[WHAT THE TASK REQUIRES] Below this line is a listing that includes pictures. Copy exactly, and only, the lines from the one containing "TOHO Round Seed" through the one containing "Durvet Liquid Wormer"; the pictures do not go in the copy.

[DATA TO PROCESS]
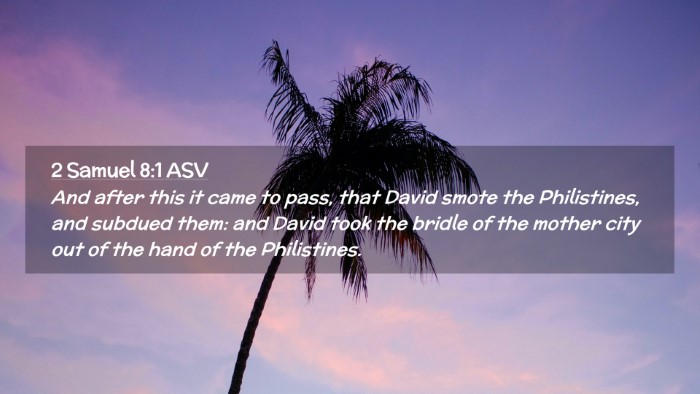 Picture 02 - 2 Samuel 8:1 ASV Desktop Wallpaper - And after this it came to pass, that David smote - Desktop Bible Verse Wallpaper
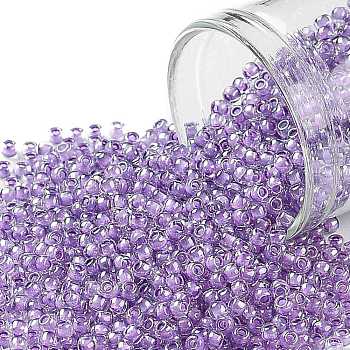 TOHO Round Seed Beads, Japanese Seed Beads, (936) Inside Color Dark Lilac Lined, 11/0, 2.2mm, Hole: 0.8mm, about 5555pcs/50g
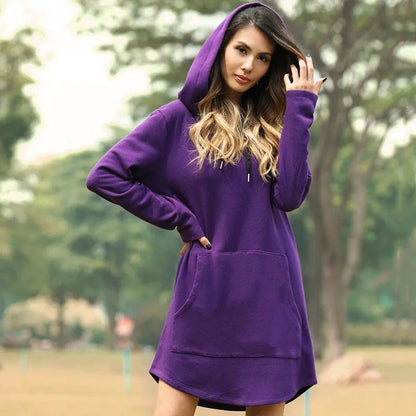 Casual Loose Solid Women Hoodies Long Style Sweatshirt Casual Pocket Oversized Hoodie Kpop Hoody Dress Pullover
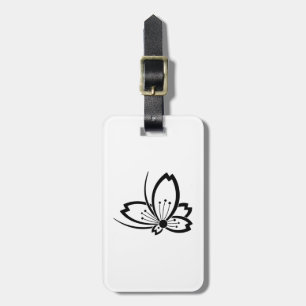 Black Cherry Blossom Butterfly Luggage Tag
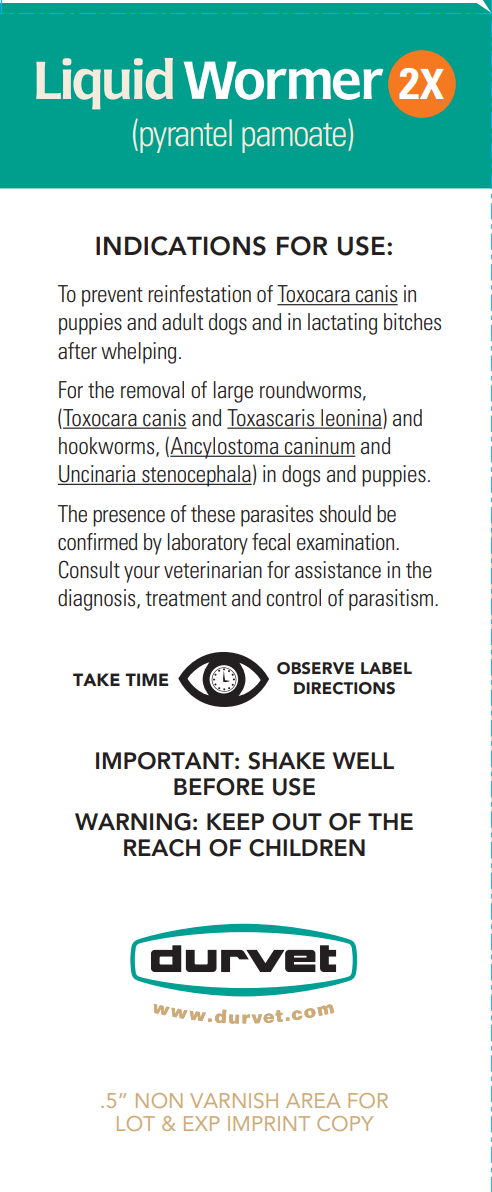 Durvet Liquid Wormer 2X | Puppy & Dog Roundworm & Hookworm Treatment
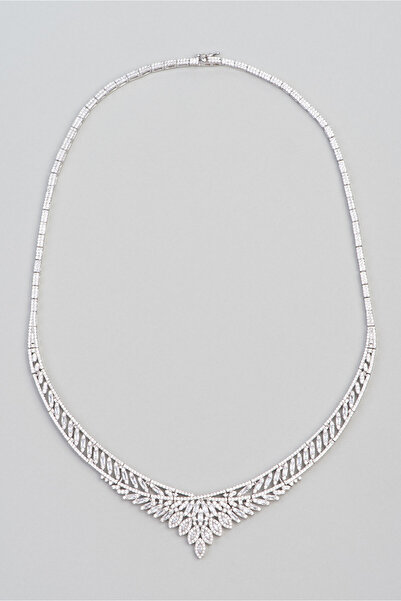 So CHIC... İkonik Tasarım 18 Ayar Beyaz Altın Kaplama 42 Cm Gümüş Gerdanlık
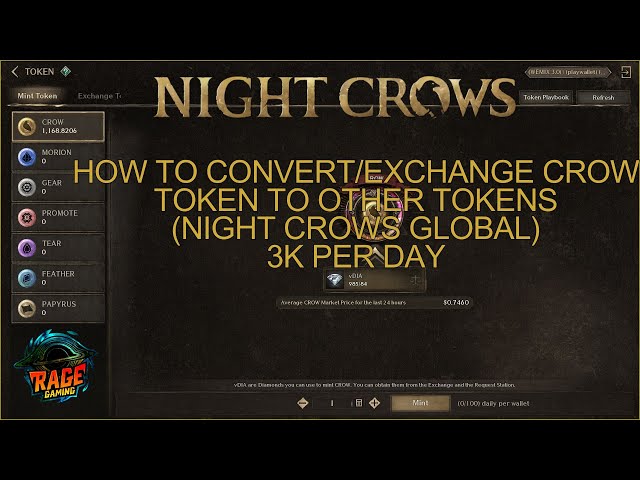 Nightcrows Wie wandelt man Crow-Token in andere Token um bzw. tauscht sie um (3.000 pro Tag?)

[WRITTEN ANSWER]
 TOHO Round Seed Beads, Japanese Seed Beads, (936) Inside Color Dark Lilac Lined, 11/0, 2.2mm, Hole: 0.8mm, about 5555pcs/50g
 Casual Loose Solid Women Hoodies Long Style Sweatshirt Casual Pocket Oversized Hoodie Kpop Hoody Dress Pullover
 Black Cherry Blossom Butterfly Luggage Tag
 Durvet Liquid Wormer 2X | Puppy & Dog Roundworm & Hookworm Treatment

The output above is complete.